As informações que recebemos são selecionadas por meio dos algoritmos e somos dependentes das suas ferramentas para nos comunicarmos. Somos subjugados pelo domínio e o controle dessas empresas.
Pesquisador do Ibict (Instituto Brasileiro de Informação em Ciência e Tecnologia), Arthur Coelho Bezerra concorda que vivemos “repaginação da ordem medieval”.
“Com a concentração desmedida de poder em poucos órgãos, o capitalismo se tornou tão selvagem que regrediu”, diz Bezerra, autor do livro “Miséria da informação: dilemas éticos da era digital” (Editora Garamond).
“Se no passado tivemos a igreja e a aristocracia, hoje temos essas empresas com valor de mercado na casa do trilhão. A concentração econômica é tão grande que agora eles investem na concentração política, fazendo de marionete governos como o dos Estados Unidos.
Bezerra se refere à influência das big techs na Presidência de Donald Trump. Dono do X, Elon Musk é visto por muitos como o “verdadeiro” chefe de Estado dos EUA. À frente do Departamento de Eficiência Governamental, ele cortou agências e funcionários federais e acessou dados de diversos órgãos, incluindo o de seus próprios concorrentes comerciais.
Diante disso, ordem de restrição temporária foi solicitada por grupo de 14 procuradores-gerais estaduais democratas — logo rejeitada por juíza federal.
Regulação
Para David Nemer, a concentração de poder das big techs continuará enquanto não houver regulação mais rigorosa, no Brasil e no mundo.
“Essas empresas criam suas próprias regras, cobrando ‘pedágios’ em diferentes setores da economia”, diz Nemer. “Isso reconfigura a relação de poder econômico, colocando plataformas como árbitros de mercados inteiros, do comércio eletrônico à mídia e ao trabalho.”
Ainda segundo o pesquisador, o tecnofeudalismo acelerado da Era Trump pode agravar questões como a colonização digital — exercida por meio de controle, coleta e utilização de dados digitais —, a manipulação da informação e a erosão do trabalho formal — com o modelo baseado em serviços de aplicativos substituindo empregos estáveis por trabalhos precários e intermitentes.

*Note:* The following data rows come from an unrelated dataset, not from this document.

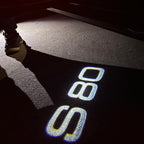 LUCES DEL PROYECTOR DEL LOGOTIPO Volvo Nr. 90 (cantidad 1 = 2 Película del logotipo / 2 luces de puerta)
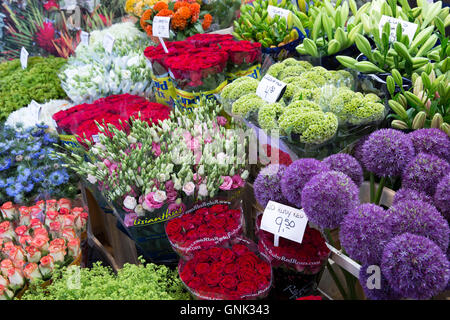 Bunch of bright colour flowers - roses, lillies, allium at famous flower market, Bloemenmarkt in Amsterdam, Holland Stock Photo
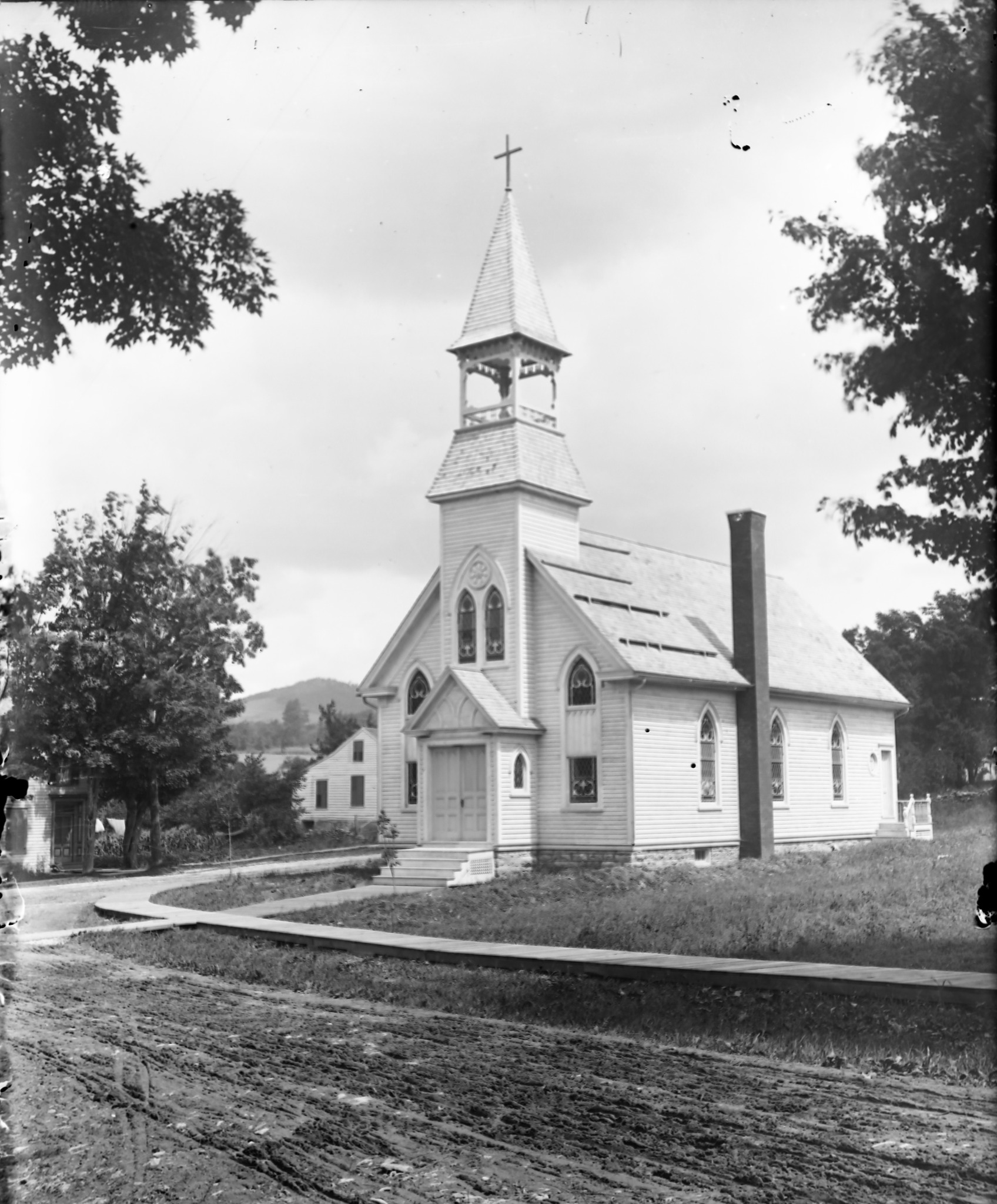 Church bell and historic church exterior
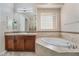 Elegant bathroom features a soaking tub, vanity, and a glass block window at 2568 Dirleton Pl, Henderson, NV 89044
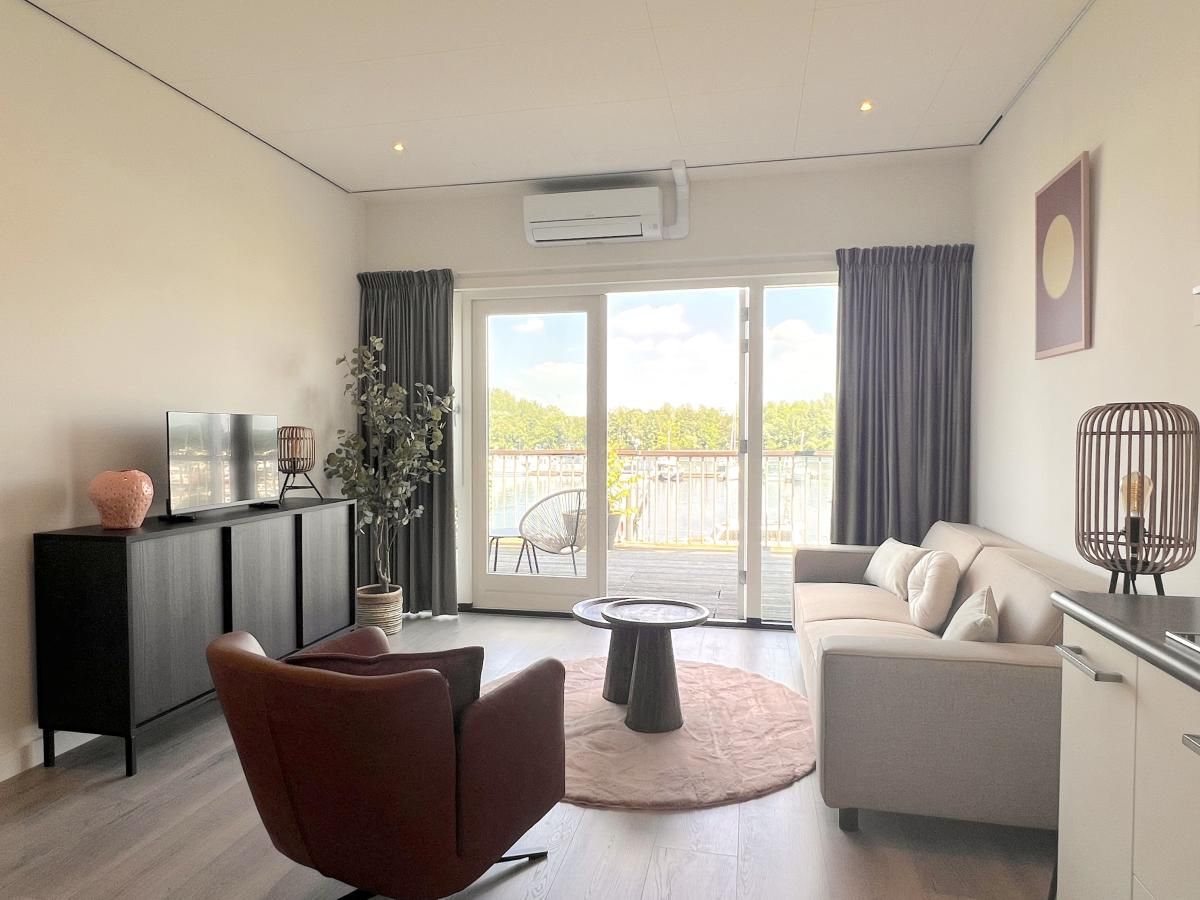 Helles Wohnzimmer mit Blick auf das Wasser im Ferienhaus Havenzicht, Maasbommel, Rivierengebied, Gelderland.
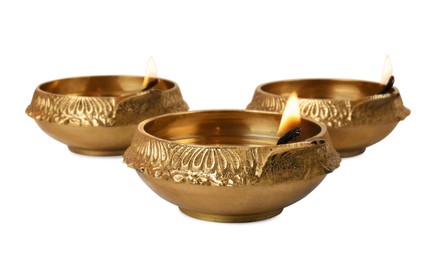 Photo of Lit diya lamps on white background. Diwali celebration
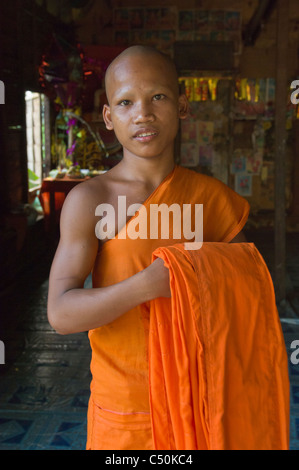 Novice Buddhist monk folding his robes, Wat Lolei, near Siem Reap, Cambodia Stock Photo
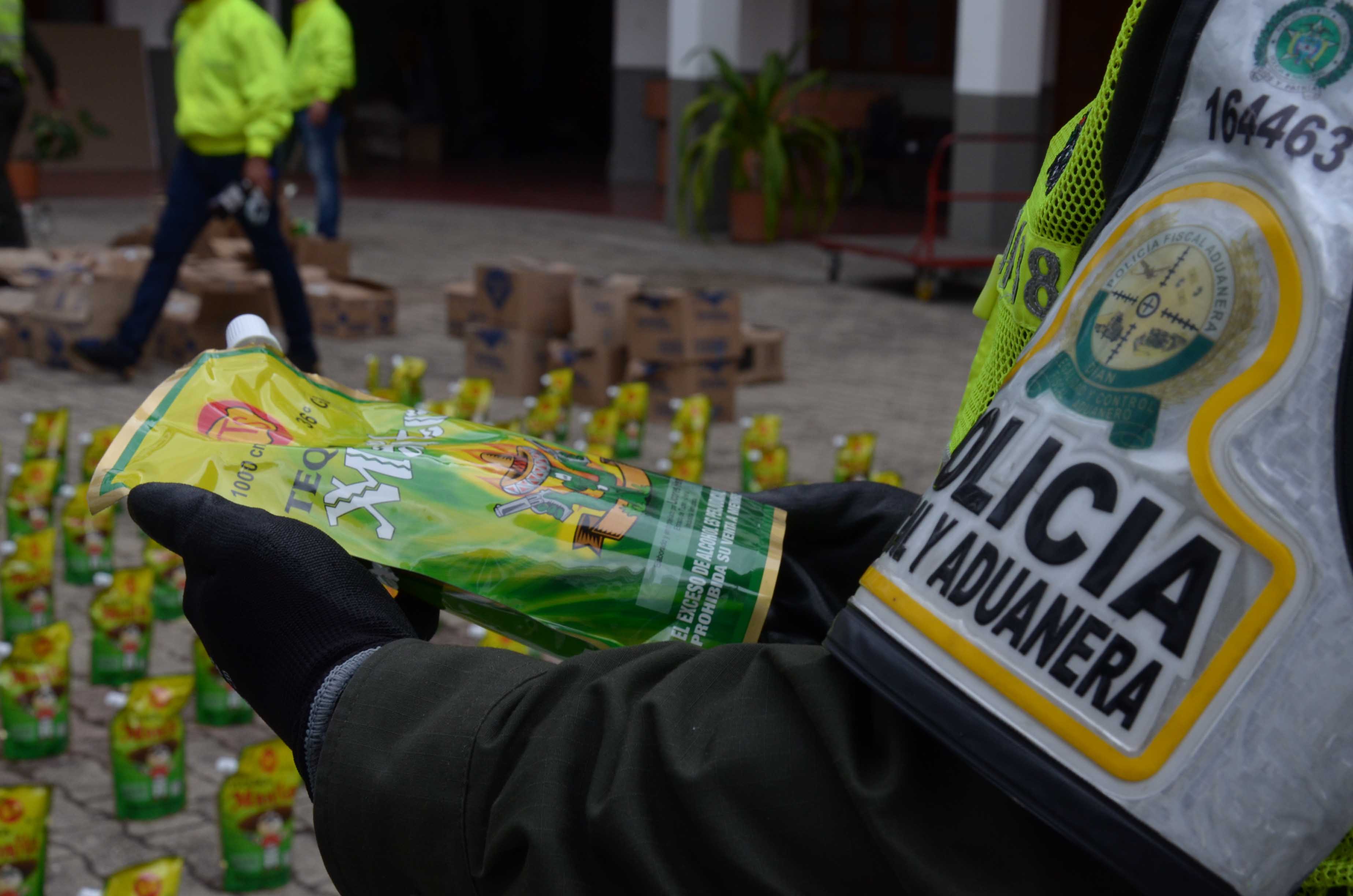 Policía observa una bolsa doy pack con licor adulterado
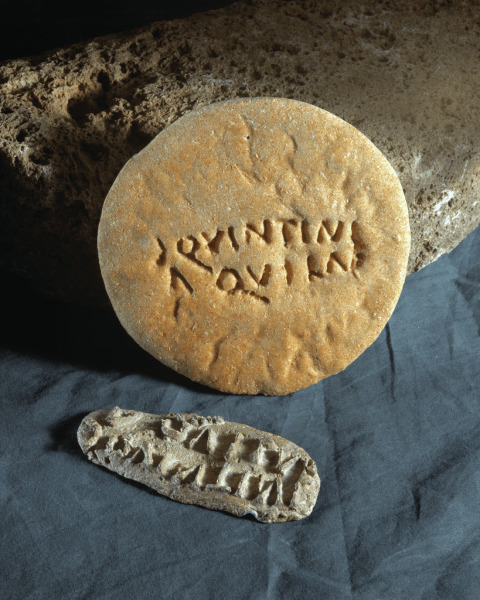 Lead bread-stamp and impressed flat bread. Prysg Field, Caerleon (NMW 32.60/6.1)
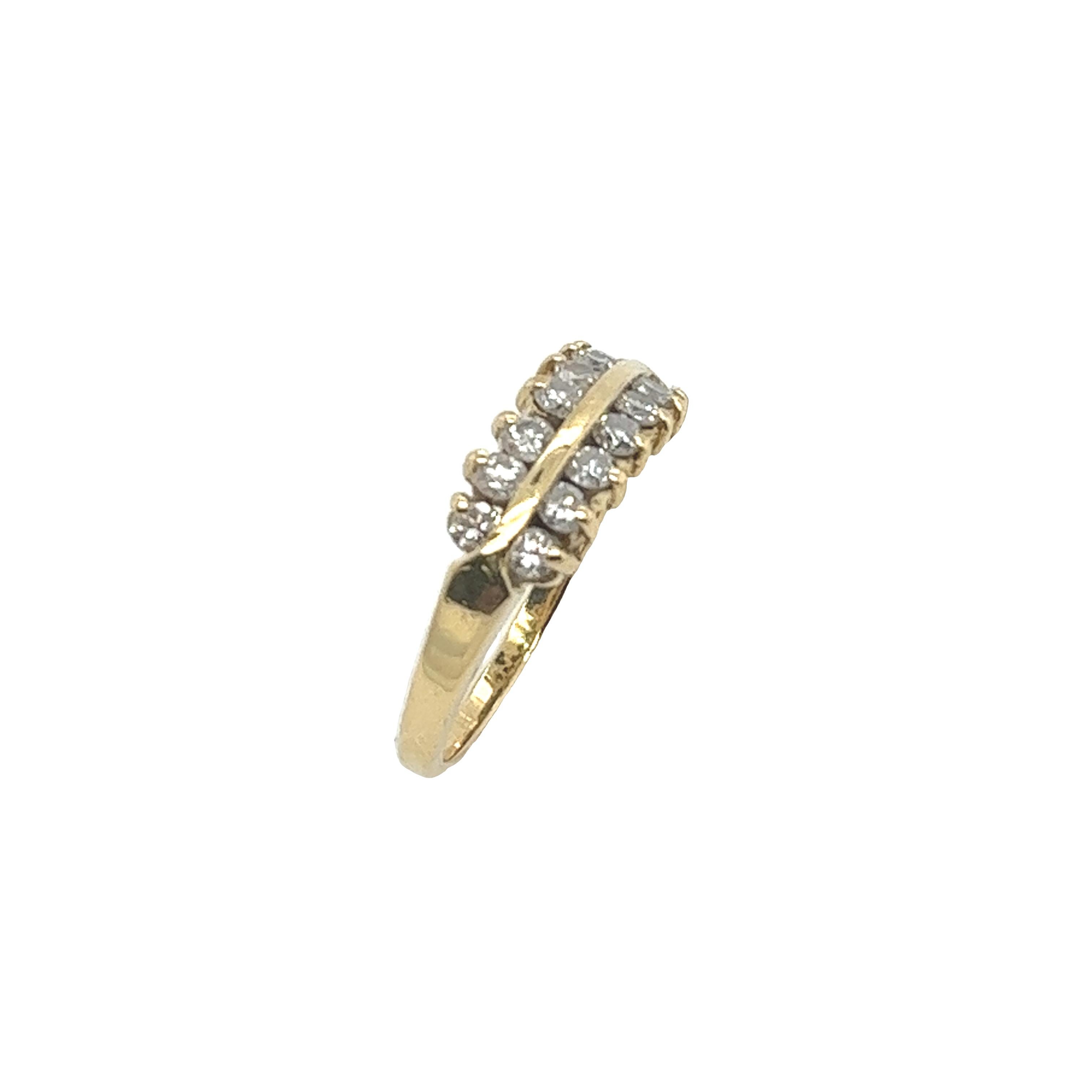 An elegant diamond 2-row ring, 
set with 14 round brilliant cut natural diamonds, 
0.42ct total diamond weight.
in an 18ct yellow gold setting.
Total Diamond Weight: 0.42ct
Diamond Colour: H
Diamond Clarity: SI1
Width of Band: 1.61mm
Length of Head:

“O impacto no Brasil será muito ruim”, lamenta Nemer. “O País já sofre com a dependência tecnológica e a falta de soberania digital. Se os EUA consolidarem um modelo tecnofeudal, o Brasil pode ficar ainda mais refém das big techs, seja pela dependência de seus serviços, seja pela influência política que essas plataformas exercem na manipulação de informações e na dinâmica eleitoral.
Contraponto
Os paralelismos com os sistemas econômicos medievais incomodam alguns historiadores. Professor do departamento de História e relações internacionais da UFRJ, Clínio de Oliveira Amaral lembra que o próprio conceito de “feudalismo” não existiu na idade média. Para ele, economistas como Yanis Varoufakis tiveram a sua visão sobre o período formada pela compreensão econômica dos pensadores dos séculos 18 e 19.
“O feudalismo é uma invenção do século 19 em um momento em que o capitalismo expandia-se e, para tanto, havia eleito a ‘anarquia feudal’ como um entrave ao seu desenvolvimento”, diz o historiador.
“O tecnofeudalismo faz comparações simplistas com o contexto contemporâneo, desconsiderando a forma como o capitalismo mobilizou a idade média para se legitimar. Naquele momento da história, o mal a ser combatido era as reminiscências feudais.”